U.S. planning "surgical" anti-terrorism strikes on Iran

PanARMENIAN.Net - "In a series of public statements in recent months, President Bush and members of his Administration have redefined the war in Iraq, to an increasing degree, as a strategic battle between the United States and Iran," an investigative journalist and author, Seymour M. Hersh writes in The New Yorker.
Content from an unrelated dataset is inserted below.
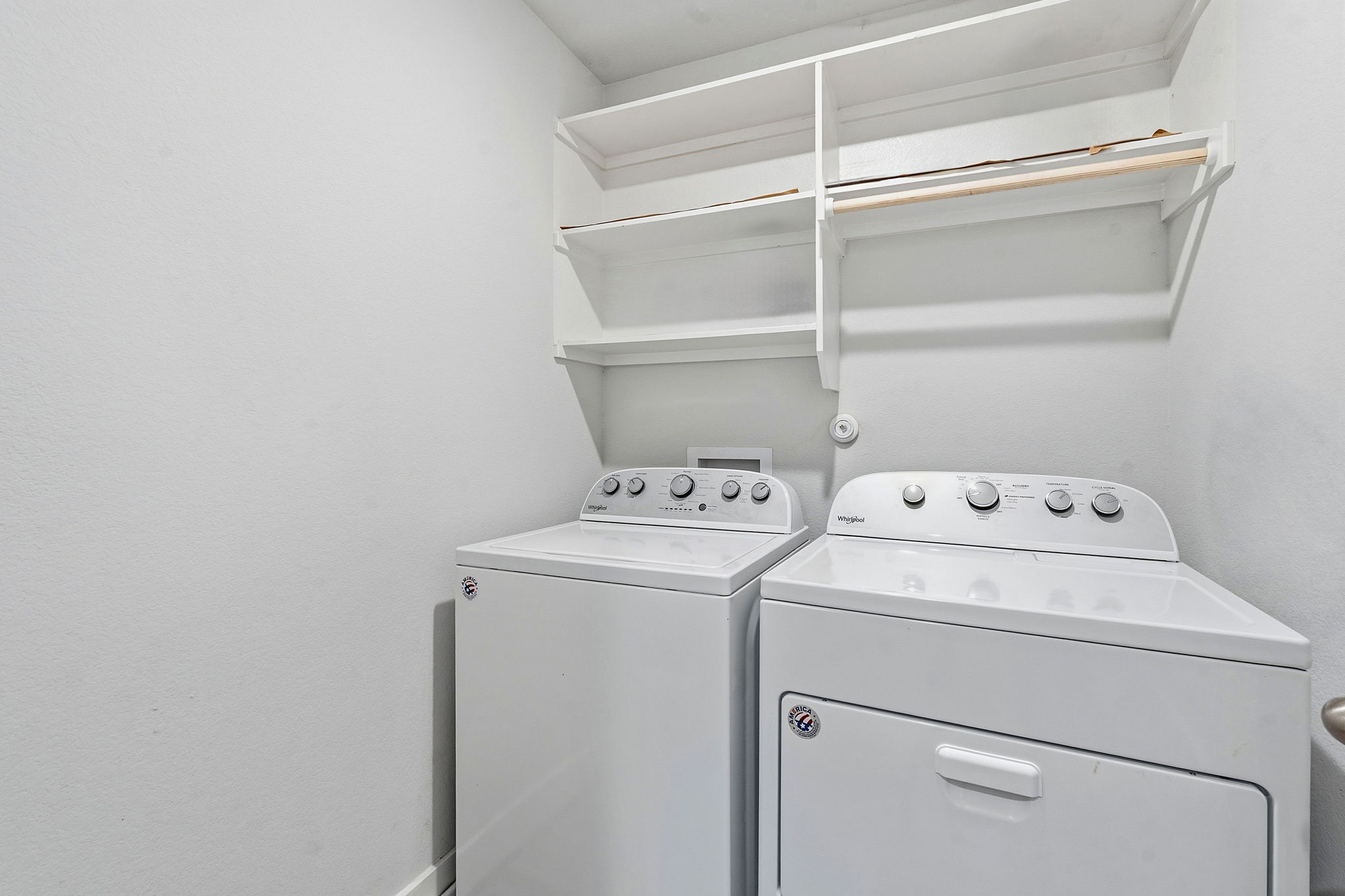 7105 Silver Star Lane, Unit 59 Austin, TX 78744 - Photo 16 of 19 a view of storage and utility room with washer and dryer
"The President's position, and its corollary - that, if many of America's problems in Iraq are the responsibility of Tehran, then the solution to them is to confront the Iranians - have taken firm hold in the Administration. This summer, the White House, pushed by the office of Vice-President Dick Cheney, requested that the Joint Chiefs of Staff redraw long-standing plans for a possible attack on Iran, according to former officials and government consultants. The focus of the plans had been a broad bombing attack, with targets including Iran's known and suspected nuclear facilities and other military and infrastructure sites. Now the emphasis is on "surgical" strikes on Revolutionary Guard Corps facilities in Tehran and elsewhere, which, the Administration claims, have been the source of attacks on Americans in Iraq. What had been presented primarily as a counter-proliferation mission has been reconceived as counterterrorism."



"The shift in targeting reflects three developments. First, the President and his senior advisers have concluded that their campaign to convince the American public that Iran poses an imminent nuclear threat has failed (unlike a similar campaign before the Iraq war), and that as a result there is not enough popular support for a major bombing campaign. The second development is that the White House has come to terms, in private, with the general consensus of the American intelligence community that Iran is at least five years away from obtaining a bomb. And, finally, there has been a growing recognition in Washington and throughout the Middle East that Iran is emerging as the geopolitical winner of the war in Iraq," he writes.



"The new administration plan gains support among U.S. allies including the UK, Australia and other states. Not to mention Israelis who go crazy with the idea," the journalist told CNN, INOPRESSA reports.